The current version of Halebopp is dead, but I learned a lot:
  • Clutter is not as extraordinary it seems. Sure, it renders everything in GL, but it doesn't give you much freedom over its widgets. All coordinates are stored as integers to support embedded targets better, which mades a zoomable UI a pain to implement.
  • Writing your own alternative to Clutter is no fun, especially when writing a music editor is your main goal.
  • I hate traditional widgets, windowed layouts, text and cursors. I love multi-touch, images, zoomable interfaces, animations. I want to be able to control everything with my fingers. I need to reinvent the interface here. What I dream of does not exist yet. The subprojects name is "Mjoo" (A revived old project of mine).
  • Offline audio rendering is an optimization, not a paradigm. It gets too complicated, especially if you want (some) live input support. I'm better off rendering DSP in the traditional way, with a bit of mix-ahead cache magic to use up free CPU cycles.
  • I hate writing UI code directly. I love to set up simple databindings and static/functional structure. I explored that concept in Holygrail (another subproject), and it went pretty beautiful. So I actually have an idea what I'm doing here.
  • Nobody needs components in Python. Simple enumeration of modules and auto-import is fine. Anything else becomes self-serving rather quickly.
  • Function decorators in Python are mighty.
  • The logging module is good enough for any log output job.
  • SQLite is too low-level to be used directly. Writing your own wrapper doesn't cut it. SQLAlchemy does the trick - for any kind of SQL RDBMS.
  • SQL blobs suck for asynchronous R/W. Use files and store only references in your DB.
  • I hate trees. I love flat lists and dictionaries.
  • Python can't do DSP work efficiently and never will.
  • Python can't do multithreading efficiently and never will. Use multiple processes and RPC.
  • Boost.Python is a friend to keep, but never wrap anything not especially written for it.
  • SCons remains a great build system, as long as you don't get creative; stick to best practice.
  • It's impossible to track DB changes directly from multiple processes using the DB file alone. I assume best is some kind of RPC document server doing all transactions and providing changesets to clients - like Verse for 3D editors.
  • C++ is a dish best served stupid. Stick to the STL, no clever tricks, especially if you plan to expose stuff to Python.
  • Twisted is a great framework for writing anything socket related.
  • SndObj has nice processing plugins and Python bindings.
  • Python SWIG bindings can be understood by Boost.Python.
  • Don't do anything nobody asked for. No docs, no tests, no website, no mailing list until there is actually something that you use yourself productively. Community building is for later.
  • Mercurial is fun to work with, so is Eclipse and it's numerous plugins, including PyDev.
  • Top down development doesn't work for science and experiments. Don't make big plans.

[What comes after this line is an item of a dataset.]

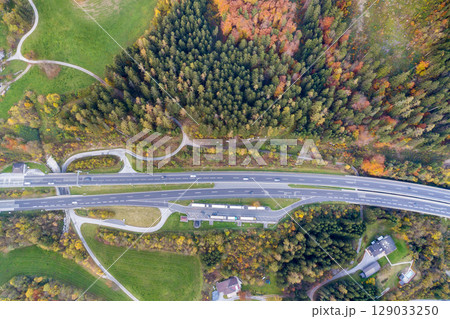 Top dawn aerial view of freeway speed road between yellow autumn forest trees in rural area. 129033250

I'm currently working on the second revision of Halebopp. Right now the (small) plan is (in this order) to get the document server working, write a player client, write an editing frontend.

I'm not trying to get revolutionary with the DSP technology this time. I want to support a DSP graph for SndObj objects and, later, a sequencer to script events. Also, something to easily import and record waves.

So long.

Friday, March 27, 2009

User Interface 101: UI Data Binding

The traditional method of writing UI logic is hard. It requires writing an enourmous amount of housekeeping code, such as event handlers and update methods. Non-interactive testing is almost impossible to realize.

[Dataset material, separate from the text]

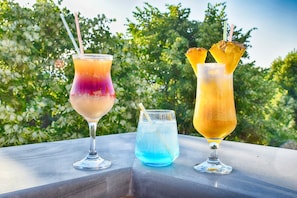 Three cocktails on a table with a green leafy background. - Eagles Philadelphia Hotel (Korçë)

I propose a method to bind an user interface to data using only a set of declarations, describing data constraints and UI/data relations. This set is called "binding".

Here are a few applications for bindings:
  • A property view, allowing to select items from a list and change their attributes.
  • A spatial view, allowing to position and resize items on a surface.
  • A complete application made of cascading spatial and property views.
A binding connects a model and a graphical UI in both directions. It can be described in an XML document using a dedicated DTD scheme, obsoleting imperative micromanagement of dialogs.

Both model and UI should be reflective: their properties and elements can be enumerated and queried by the binding. If either model or UI is not reflective, additional XML documents are required, providing information about structure and constraints.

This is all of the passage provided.